Salta al contenuto

Caterina de' Medici, vita e pensiero politico della regina di Francia

Marco Netri

Marco Netri

GIORNALISTA E IMPRENDITORE

Ho iniziato a scrivere da giovanissimo e ne ho fatto il mio lavoro. Dopo la laurea in Scienze Politiche e il Master in Giornalismo conseguiti alla Luiss, ho associato la passione per la scrittura a quello per lo studio dedicandomi per anni al lavoro di ricercatore.
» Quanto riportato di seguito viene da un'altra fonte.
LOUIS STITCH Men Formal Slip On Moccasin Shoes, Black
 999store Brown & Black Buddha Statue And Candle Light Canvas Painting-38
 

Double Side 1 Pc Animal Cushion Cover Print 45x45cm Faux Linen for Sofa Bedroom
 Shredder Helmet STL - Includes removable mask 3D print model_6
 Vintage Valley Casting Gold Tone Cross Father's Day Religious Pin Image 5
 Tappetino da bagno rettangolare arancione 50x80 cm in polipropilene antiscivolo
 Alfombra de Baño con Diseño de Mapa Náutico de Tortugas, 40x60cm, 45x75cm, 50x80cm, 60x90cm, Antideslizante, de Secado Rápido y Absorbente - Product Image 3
Oggi sono imprenditore di me stesso.

Figura controversa, appartenente a un ramo minore mediceo discendente di Lorenzo il Magnifico solo in linea femminile tramite la figlia Lucrezia, fino alla fine dell’Ottocento è stata descritta dalla storiografia francese come una donna “fredda, gelosa, vendicativa, avida di potere e pronta a tutto per raggiungere i suoi scopi“, sulla stessa falsariga del ‘Principe’, che Nicolò Machiavelli ‘dedicò’ a suo padre, il duca di Urbino Lorenzo di Piero de’ Medici. Caterina, ad ogni modo, è stata ‘rivalutata’ in epoca contemporanea, soprattutto per i suoi sforzi finalizzati alla conciliazione tra cattolici e protestanti e per la sua infinita cultura: parlò italiano, francese e latino, comprese quasi perfettamente il greco e realizzò una biblioteca personale di 2.118 libri, compresi alcuni manoscritti rari, dei più disparati argomenti: dalla storia all’arte, dalla teologia all’astronomia, dalla medicina all’alchimia, da matematica e scienze a danza e musica.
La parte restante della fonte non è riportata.